With the line containing "Праздничный концерт в честь Дня Победы." as the final line, restate exactly every line of the data below from the first one onward, and copy no pictures.

(Short descriptive text snippets)
= Beginning of Section =

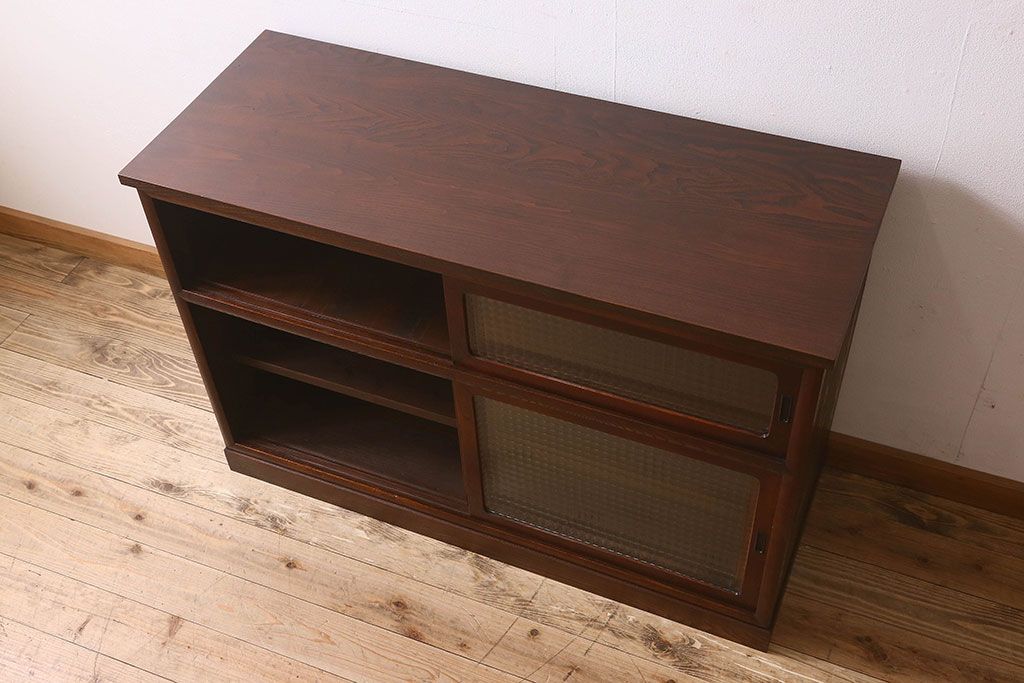 レトロ家具　和製アンティーク　栗材　欅材　チェッカーガラス入り　レトロで実用的な収納棚(戸棚、食器棚、本箱)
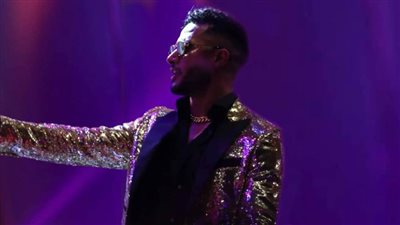 في يوم فرح قفشة .. محمد رمضان يتلقى القاضية في افتتاح النسخة الخامسة من مهرجان الجونة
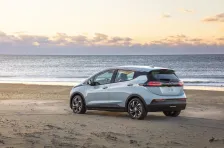 2021 Chevrolet Bolt EV 65 kWh (200 bg) 3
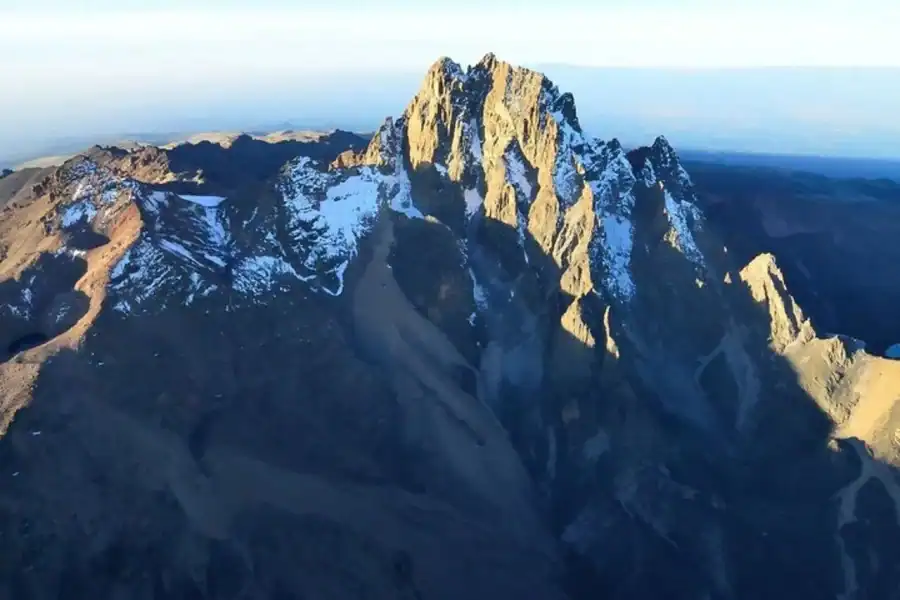 🕓Mount Kenya: Sirimon Route Guided Trek Tour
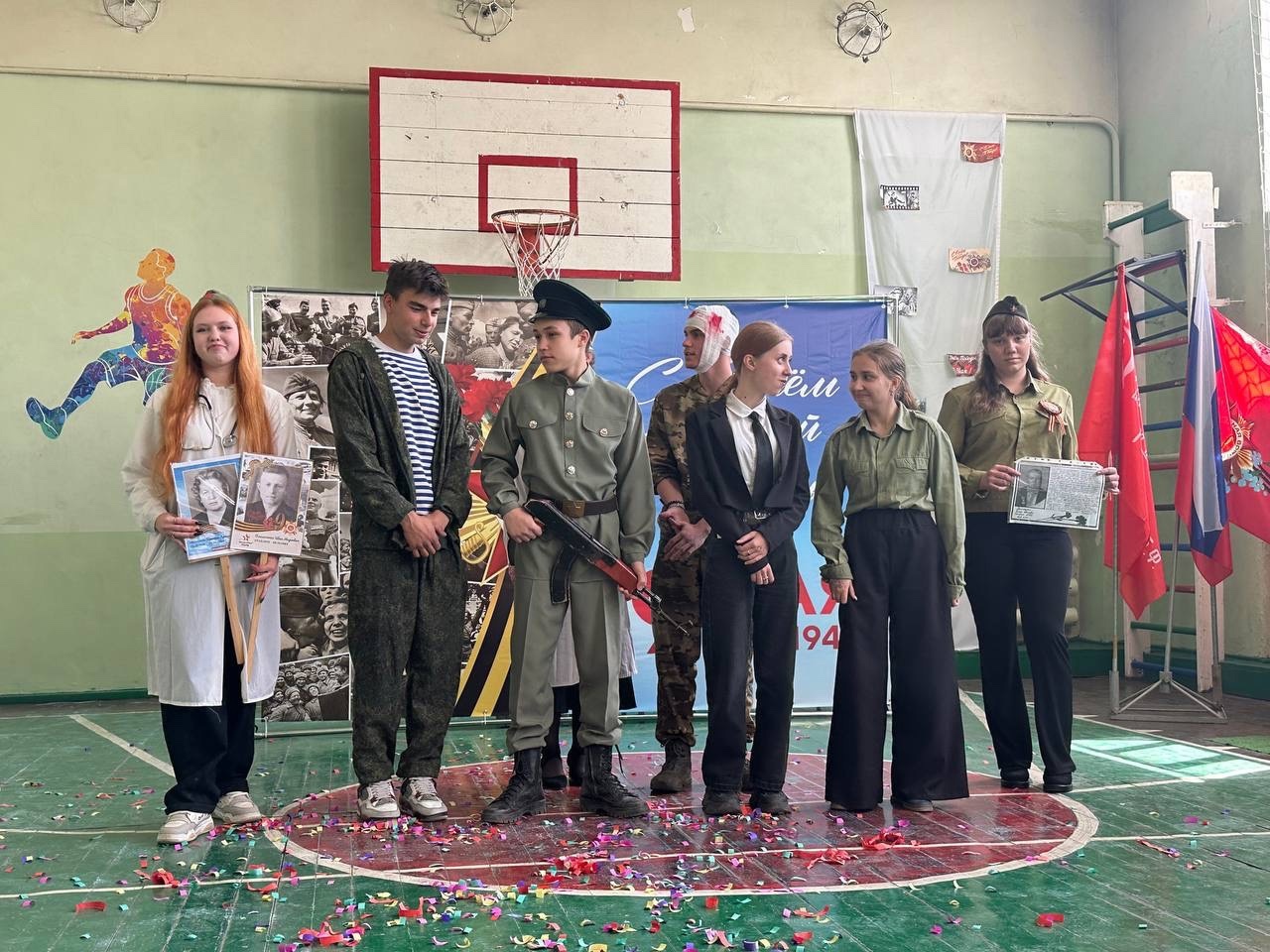 Праздничный концерт в честь Дня Победы.
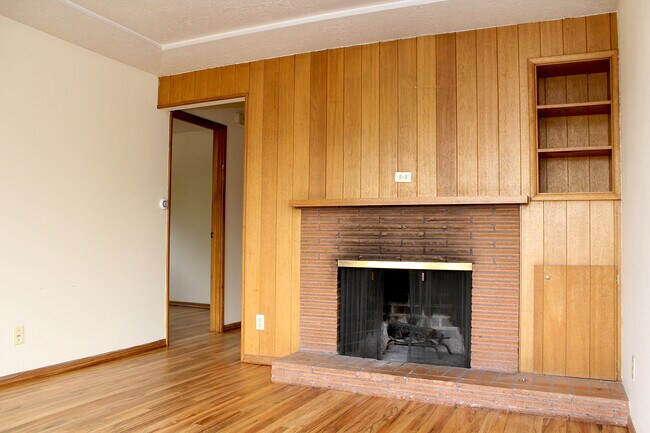 Foto del edificio - 126-140 NE 59th Avenue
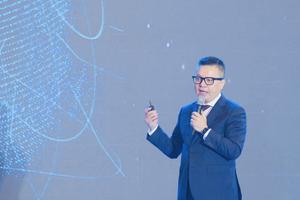 Cân bằng đổi mới kỹ thuật số với giá trị truyền thống để duy trì sự gắn bó của độc giả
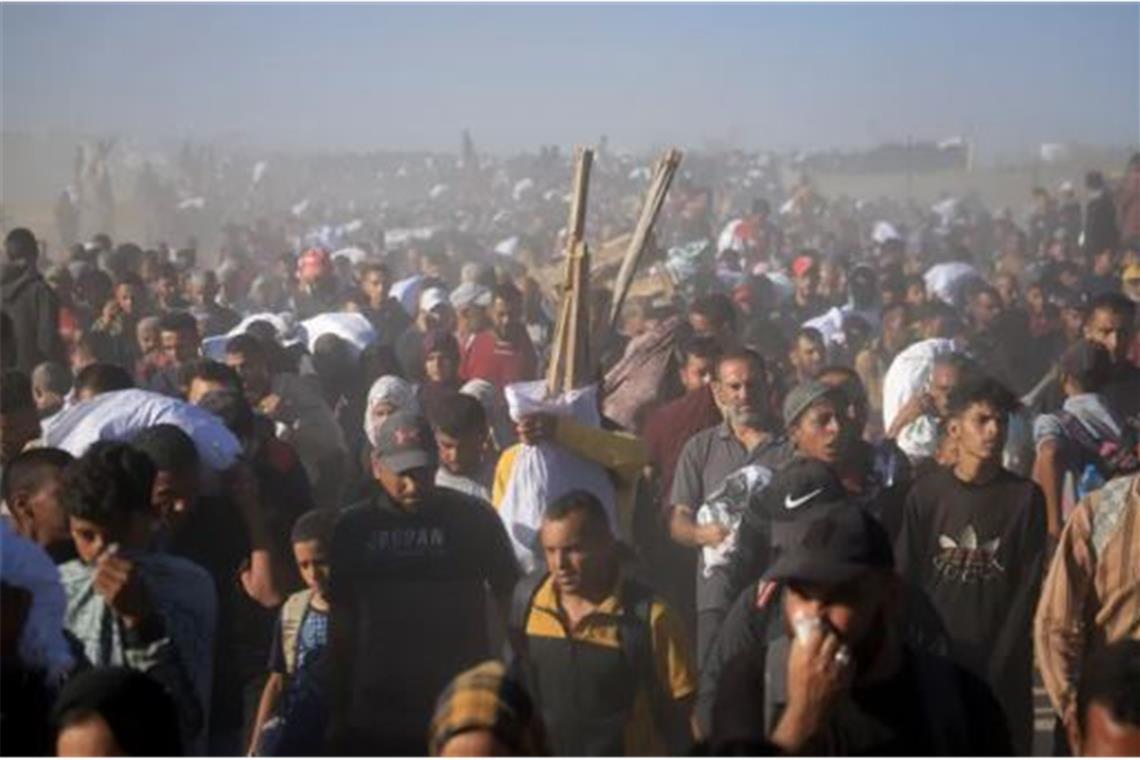 Palästinenser tragen Kisten und Taschen mit Lebensmitteln und humanitären Hilfspaketen, die von der Gaza Humanitarian Foundation, einer von Israel anerkannten und von den USA unterstützten Organisation in Rafah im südlichen Gazastreifen geliefert wurden.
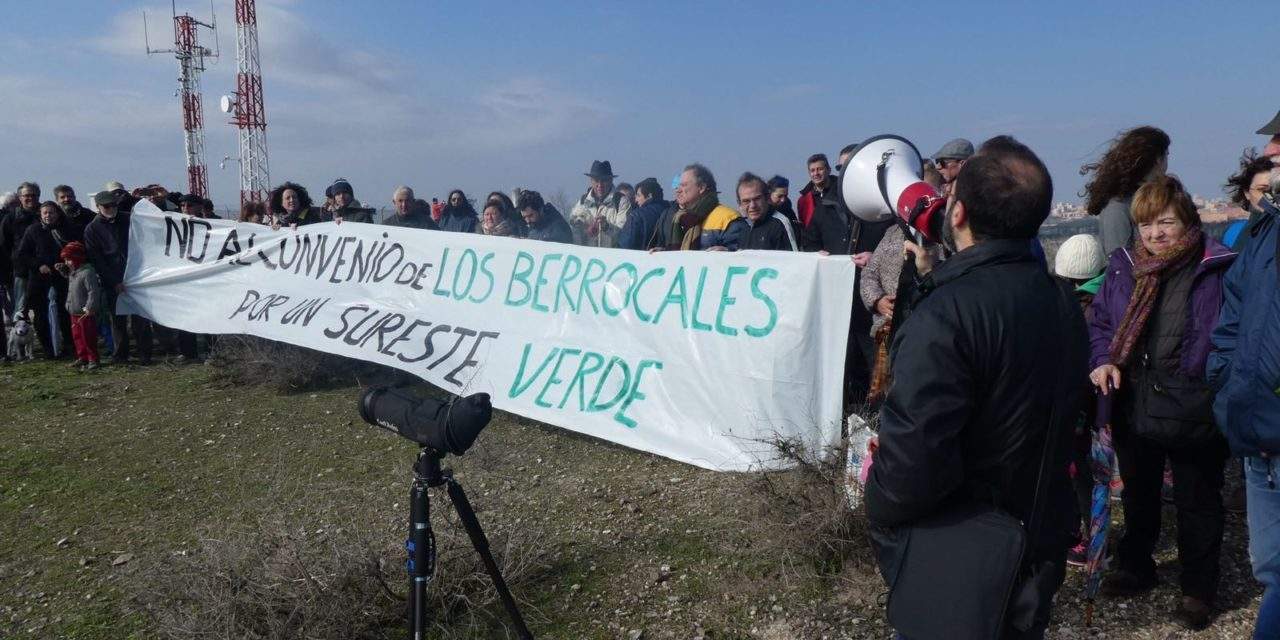Frente al desarrollo de Los Berrocales, la Casa de Campo del Sureste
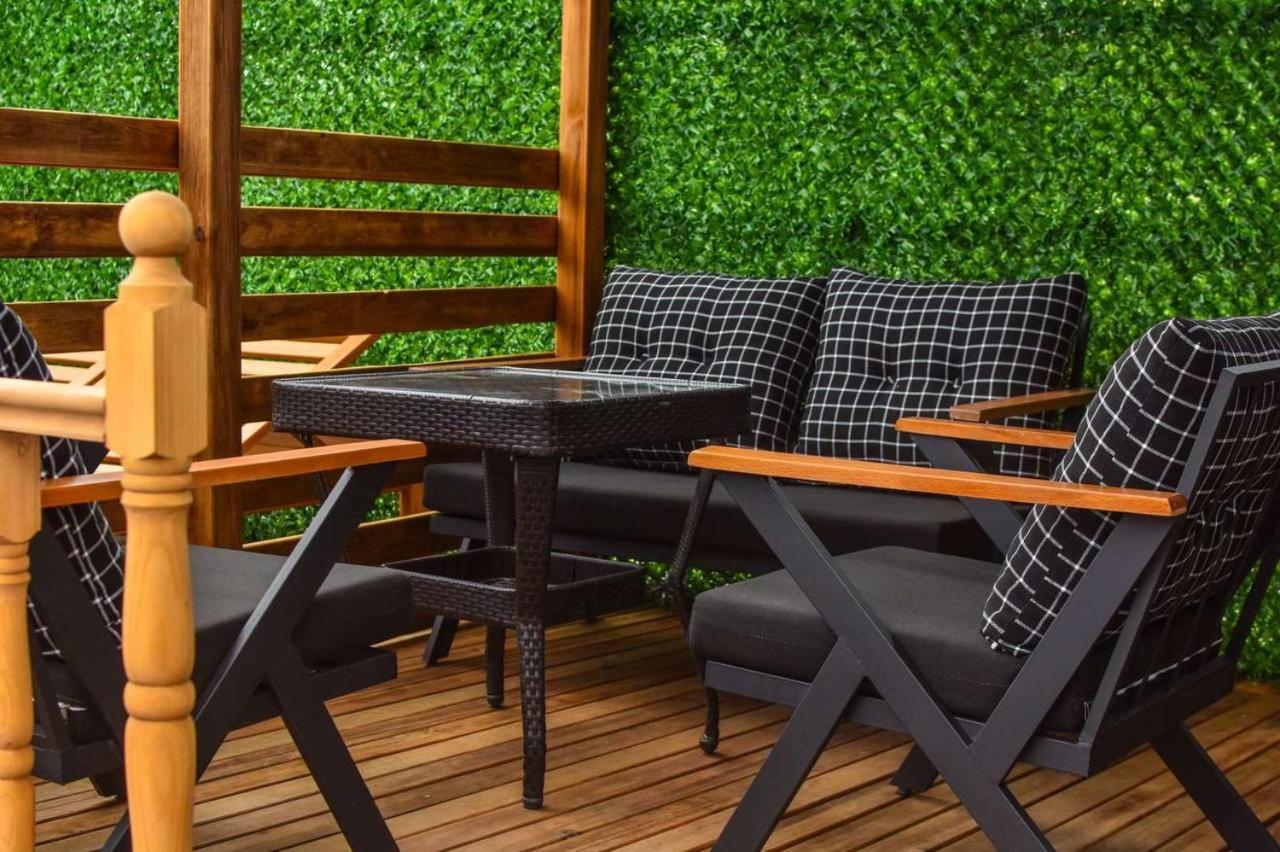 Hotel Genatsvale Batoumi Extérieur photo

= End of Section =

:: Answer to the problem ::
 レトロ家具　和製アンティーク　栗材　欅材　チェッカーガラス入り　レトロで実用的な収納棚(戸棚、食器棚、本箱)
 في يوم فرح قفشة .. محمد رمضان يتلقى القاضية في افتتاح النسخة الخامسة من مهرجان الجونة
 2021 Chevrolet Bolt EV 65 kWh (200 bg) 3
 🕓Mount Kenya: Sirimon Route Guided Trek Tour
 Праздничный концерт в честь Дня Победы.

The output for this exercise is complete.